Relaxation of Thermoremanent Magnetization in Different Magnetic Phases Of Fe-rich $\mbox{$\gamma$}$-FeNiCr Alloys

TL;DR

This study investigates the decay of thermoremanent magnetization in Fe-Ni-Cr alloys across different magnetic phases, revealing distinct aging behaviors and confirming theoretical models through experimental measurements.

Contribution

It provides a comprehensive analysis of TRM relaxation in various magnetic phases of Fe-rich alloys, highlighting phase-specific decay behaviors and validating models like Gabay-Toulouse.

Findings

Spin-glass phase shows aging effects with a specific decay form.

Reentrant spin-glass phase fits stretched exponential decay with a constant term.

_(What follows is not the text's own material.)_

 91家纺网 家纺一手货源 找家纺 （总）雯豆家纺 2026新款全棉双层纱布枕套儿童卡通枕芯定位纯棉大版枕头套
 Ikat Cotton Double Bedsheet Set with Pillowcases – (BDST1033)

Ferromagnetic phase exhibits power law decay of TRM.

Abstract

The time decay of the thermoremanent magnetization(TRM) of the $\mbox{Fe}_{80-\mbox{x}}\mbox{Ni}_{\mbox{x}}\mbox{Cr}_{20}$ ($14\leq \mbox{x} \leq 30$) alloys has been measured for four different magnetic phases within the fcc $\mbox{$\gamma$}$-phase using a SQUID magnetometer. In the spin-glass phase(SG)(X=19) very distinct ageing effects are observed where M(t) can be described as $M(t)=M_0(t/t_{w})^{-\gamma}\exp[-(t/\tau)^{1-n}]$ for the entire time domain. In the reentrant spin-glass(RSG)(X= 23 and 26), M(t) can be better represented by the stretched exponential with an addition of a constant term which can be well explained by the Gabay-Toulouse(GT) model. We have also measured the linear and non-linear ac susceptibilities for the sample X=23 and confirmed the presence of the ferromagnetic(FM) ordering down to the lowest temperature. In the RSG(X=23), the TRM shows a minimum near T$_{\mbox{c}}$ and a local maximum just above T$_{\mbox{c}}$. In the FM phase (X=30) the popular prediction of the power law decay of the TRM is observed. The latter is indistinguishable from the stretched exponential in the antiferromagnetic(AF) phase (X=14).